→ EXERCISE
An exact copy of all the entries is needed, with no images in it.

[Captioned web image data]
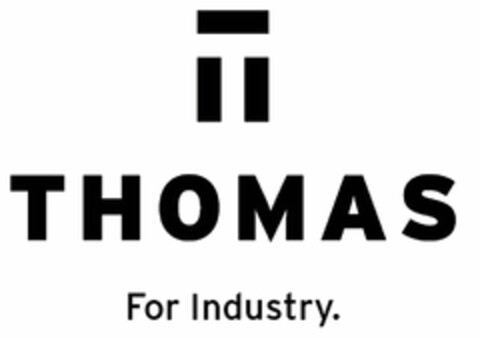 THOMAS FOR INDUSTRY. Logo (USPTO, 11.10.2017)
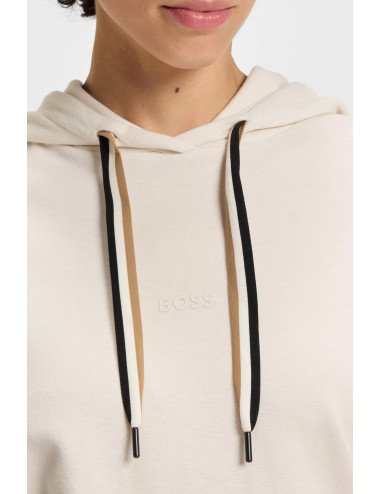 Sweat à capuche Regular avec cordons à rayures emblématiques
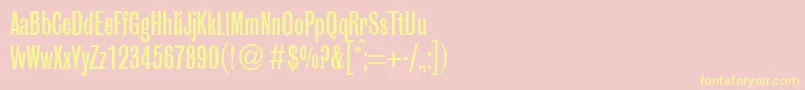 GrobiancondbNormal-Schriftart – Gelbe Schriften auf rosa Hintergrund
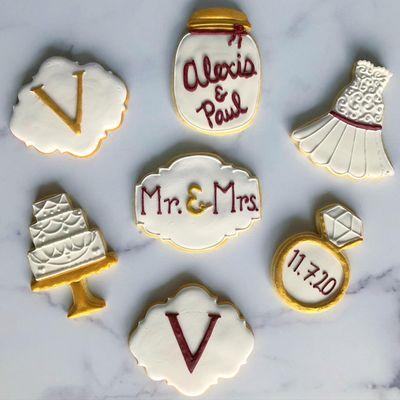 Wedding customized sugar cookies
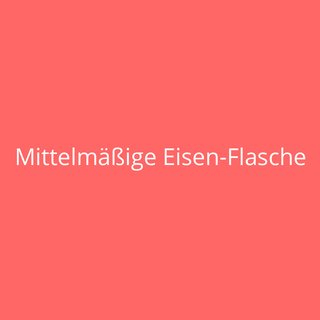Mittelmige Eisen-Flasche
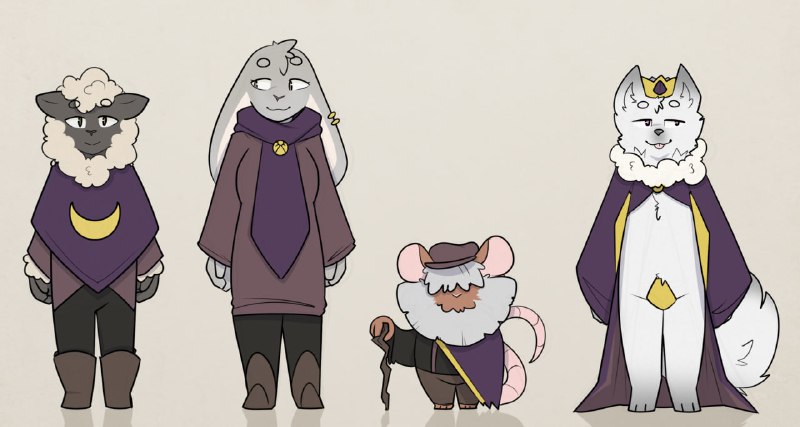 Sneak peek at the characters for …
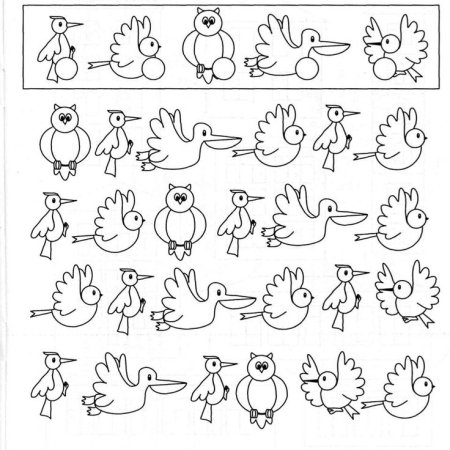 Раскраски головоломки для детей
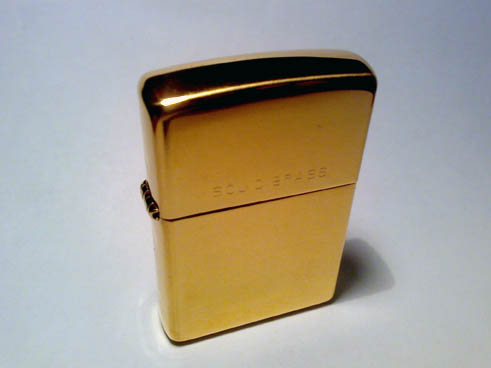 Solid Brass Zippo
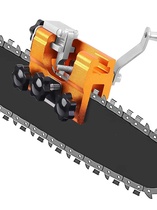 Hand Grinding Chain Instrumental Portable Home Knife Electric Chain Oil Saw Strips Accessories Grinding Head Filing Wood Saw Workout Tooth Style Tool Chain Frustration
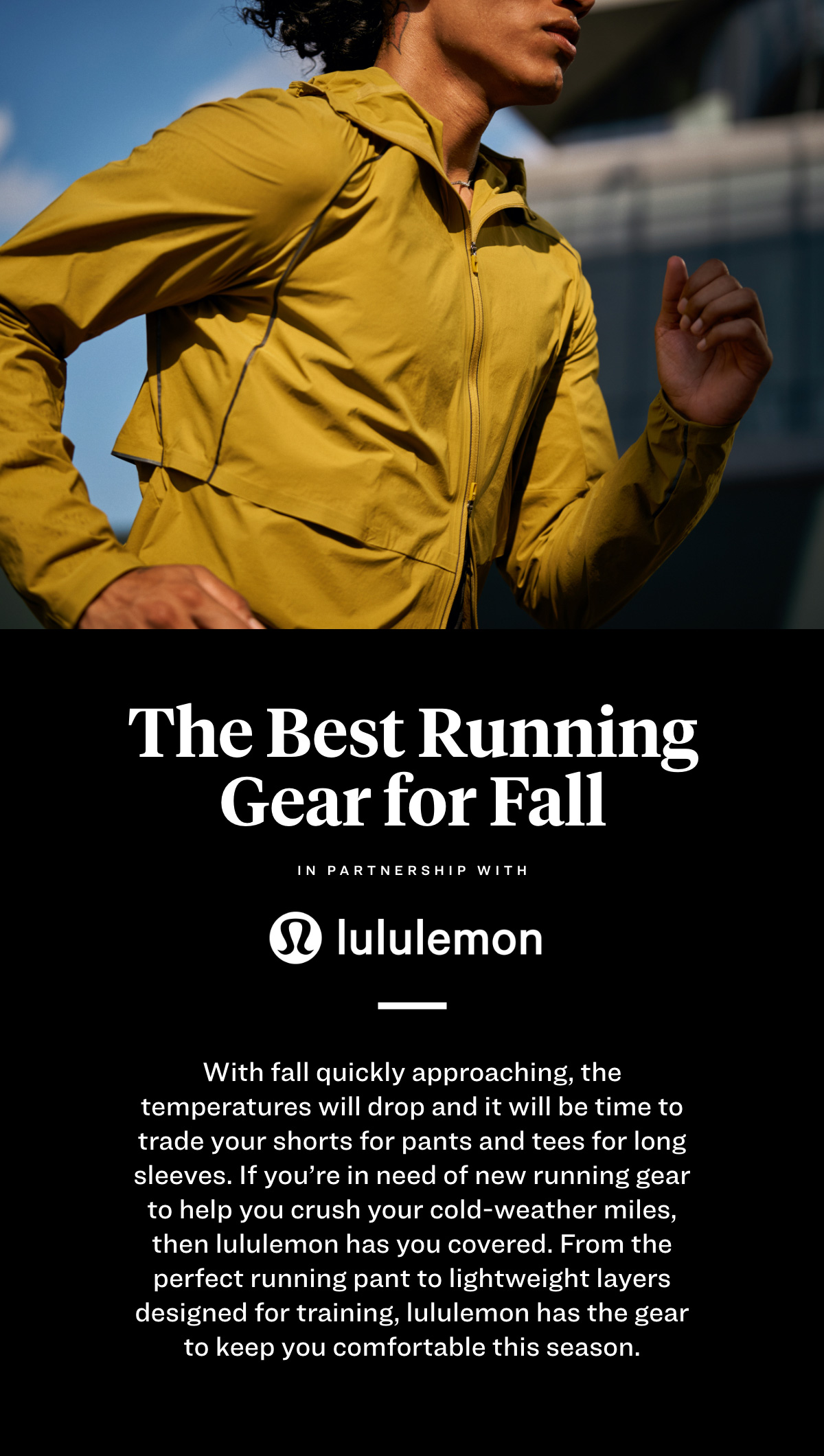 Gear Patrol The Best Running Gear for Fall Milled
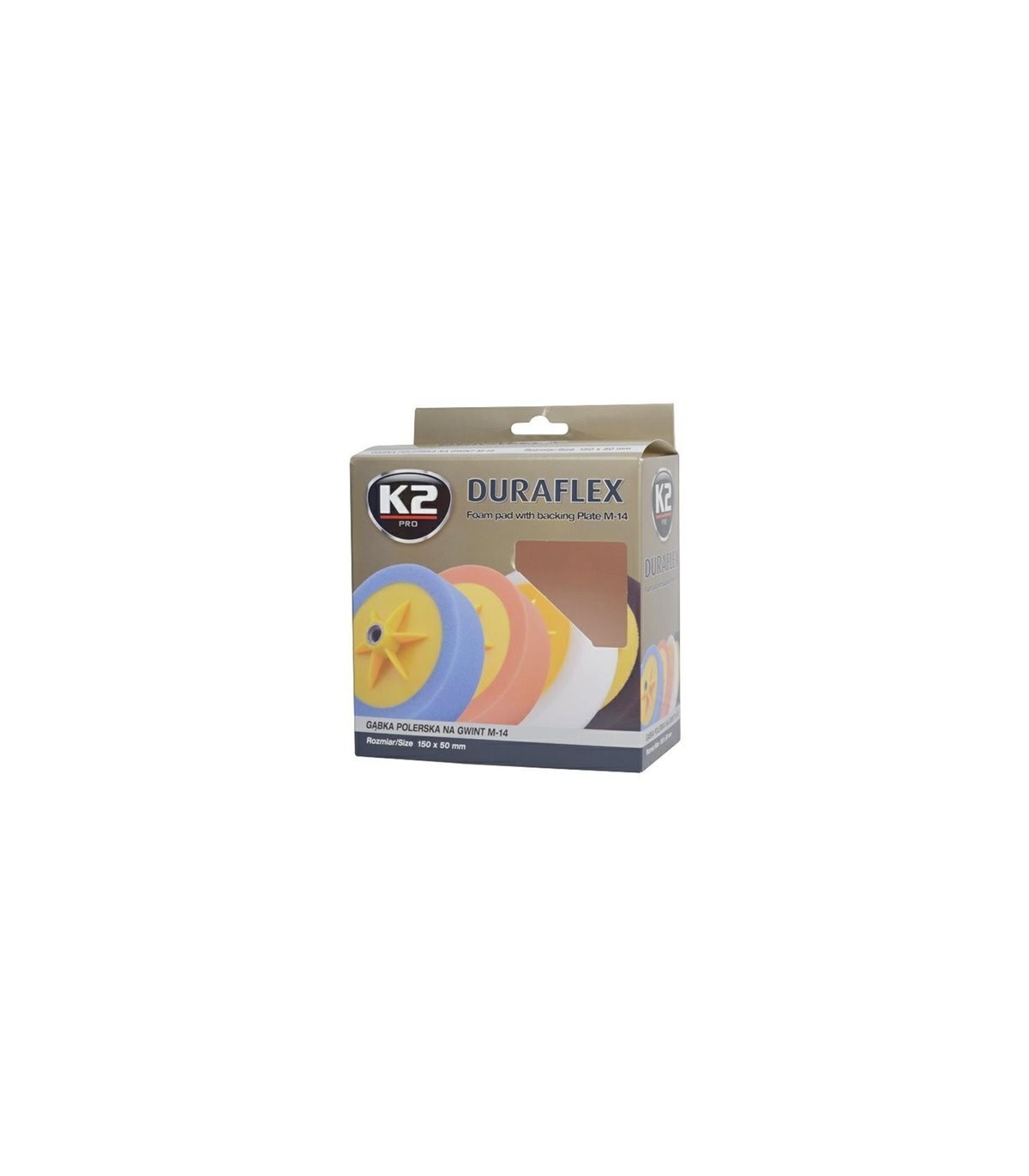 K2 DURAFLEX leštiaca hubka s možnosťou úchytu 150 x 50 mm ORANŽOVÁ K2 DURAFLEX leštiaca hubka s možnosťou úchytu 150 x 50 mm ORANŽOVÁ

→ THE COMPLETED TASK
 THOMAS FOR INDUSTRY. Logo (USPTO, 11.10.2017)
 Sweat à capuche Regular avec cordons à rayures emblématiques
 GrobiancondbNormal-Schriftart – Gelbe Schriften auf rosa Hintergrund
 Wedding customized sugar cookies
Mittelmige Eisen-Flasche
 Sneak peek at the characters for …
 Раскраски головоломки для детей
 Solid Brass Zippo
 Hand Grinding Chain Instrumental Portable Home Knife Electric Chain Oil Saw Strips Accessories Grinding Head Filing Wood Saw Workout Tooth Style Tool Chain Frustration
 Gear Patrol The Best Running Gear for Fall Milled
 K2 DURAFLEX leštiaca hubka s možnosťou úchytu 150 x 50 mm ORANŽOVÁ K2 DURAFLEX leštiaca hubka s možnosťou úchytu 150 x 50 mm ORANŽOVÁ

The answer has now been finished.